Now that we've seen how indirection can
help us with virtual memory, let's see
how we use a VM as a tool for caching.
A different kind of cache than we've seen
before but a cache nonetheless.
So, let's think about the virtual
memories placed in the memory hierarchy.
virtual memory is an array, contiguous
array in memory of two to the n bytes.
Where n is the little n here is the
number of address bits that we have in
our architecture.
So n to the 64 for our case.
Alright, that's a, that's a very large
amount of, of space 16 X a bytes is the
value for big N here.
the physical main memory you can now
think of as a cache.
The dynamic ram in the co, in, in, our
computer system as a cache for that giant
virtual memory array.
and that's going to be a much smaller
amount of memory as we mentioned before
might be on the order of a few gigabytes.
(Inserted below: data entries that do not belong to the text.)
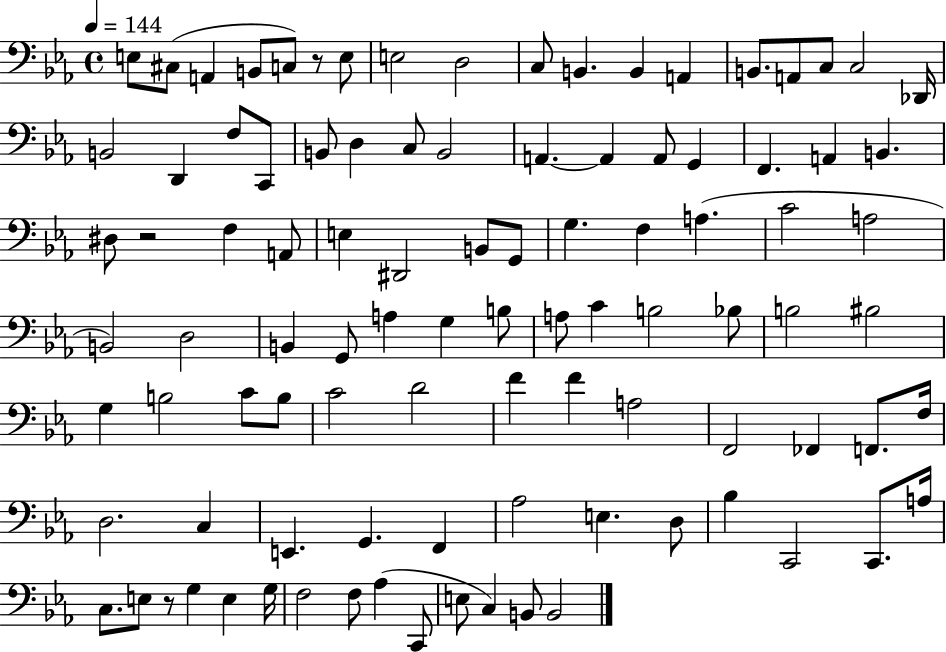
{
  \clef bass
  \time 4/4
  \defaultTimeSignature
  \key ees \major
  \tempo 4 = 144
  e8 cis8( a,4 b,8 c8) r8 e8 | e2 d2 | c8 b,4. b,4 a,4 | b,8. a,8 c8 c2 des,16 | \break b,2 d,4 f8 c,8 | b,8 d4 c8 b,2 | a,4.~~ a,4 a,8 g,4 | f,4. a,4 b,4. | \break dis8 r2 f4 a,8 | e4 dis,2 b,8 g,8 | g4. f4 a4.( | c'2 a2 | \break b,2) d2 | b,4 g,8 a4 g4 b8 | a8 c'4 b2 bes8 | b2 bis2 | \break g4 b2 c'8 b8 | c'2 d'2 | f'4 f'4 a2 | f,2 fes,4 f,8. f16 | \break d2. c4 | e,4. g,4. f,4 | aes2 e4. d8 | bes4 c,2 c,8. a16 | \break c8. e8 r8 g4 e4 g16 | f2 f8 aes4( c,8 | e8 c4) b,8 b,2 | \bar "|."
}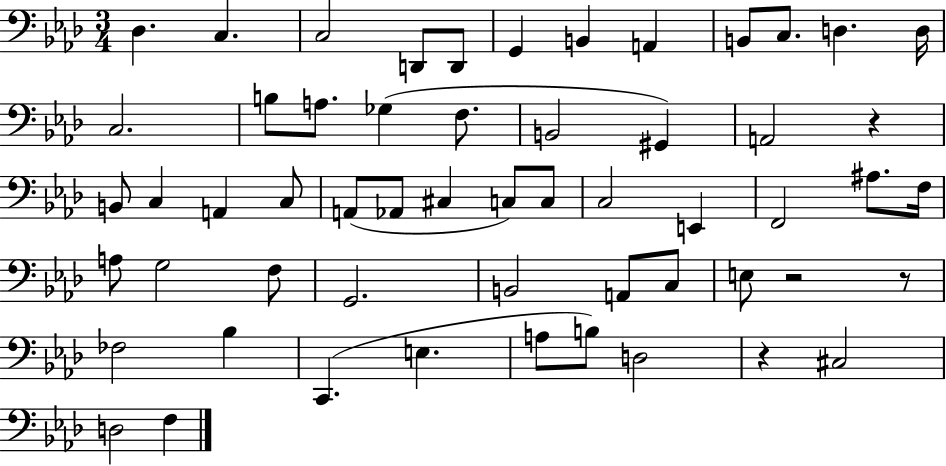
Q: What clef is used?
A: bass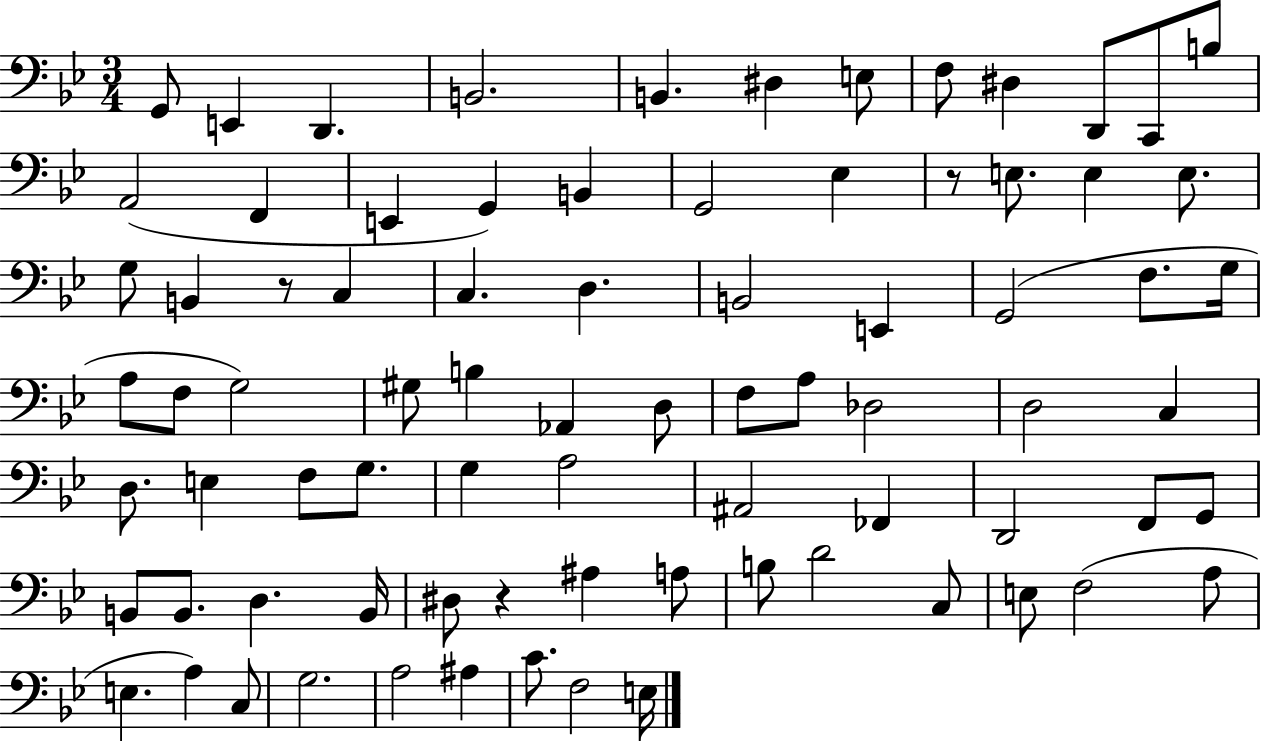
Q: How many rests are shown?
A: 3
So we're going to arrange this virtual
memory into blocks, just like we did in
our cache before, between, our, our cache
from, main memory to the CPU.
in this case the blocks are going to be
called pages, and it's really the same
concept, it's just slightly different
terminology.
These were different communities that
came up with these.
And a page is going to be of a certain
size, capital p or two to the little p,
bytes, the log of big p.
Okay, and typically the size of these
blocks is or pages is on the order of
kilobytes.
rather than on the order of just a few
dozen bytes like we've seen before.
Okay, so looking at virtual memory as
this big array of, of space, 16 exabytes,
we're not going to use all of it.
Many of the pieces of virtual memory,
these virtual pages may be unallocated.
In other words, just space we could
address but we don't have anything there
and we don't really care about it.
other parts of it are going to be cached
in the physical memory at a particular
location in that physical memory.
and that's that mapping we need to keep
track of, what's going to be in our
memory management unit.
How does this particular page map to the
physical page, virtual page to physical
page mapping.
And you notice of course these pages
could go anywhere in the physical memory
where there's an empty page.
Of course, some of the blocks like this
one sh, like these shown in gray, are
uncached.
In other words, they are space we're
using in virtual memory, but we haven't
gotten it to our physical memory yet.
We haven't found a place to put it, or we
haven't needed it yet.
And so it's still sitting there on disk.
We haven't yet moved it to the dynamic
ram, the physical memory of the CPU, of
the computer system.
Alright, now why do we bother with this
kind of caching?
Well, for the same exact reason we did
before.
remember, before we had the problem of
going from main memory, to the CPU, to
the registers, the fast memory inside the
CPU.
And the problem was, that we wanted to
keep, the fat, the stuff we need the
most.
Here at our CPU, in as fast a memory as
possible.
So we created these layers of caches
here.
We talked about a level one and a level
two cache, and data cache and instruction
cache, that, make it much faster to
access parts of memory and get it into
our registers.
If we can keep the right things in this
cache, okay.
Now in this case what we're talking about
with virtual memory is this much larger
disk out here.
that has our entire virtual memory
potentially on it and how it maps into
the main memory.
Okay.
So we're caching parts of the disk in the
main memory.
So that's that page that we're copying
from the disk into the main memory and
making it faster to access.
Because the disk is much, much slower,
alright.
exactly the same situation when we had a
smaller block of main memory that we were
copying into the L2 cache or even into
the L1 cache.
And that was another mapping different
kind of mapping that we were keeping
track of before.
So we have two levels of caches here.
Virtual memory deals with the main memory
to disk.
Okay.
Now, while in the past we were dealing
when we would, we saw our memory cache,
we were having a memory miss penalty of
33 times a regular access.
That was a big penalty when we had to go
to main memory rather than finding a
result in our cache.
And the reason for that was, because
these caches are often on the same chip
as the CPU, they're much quicker to get
to than going off chip to the larger main
memory.
Now the situation between main memory and
disk is actually even much of much worse.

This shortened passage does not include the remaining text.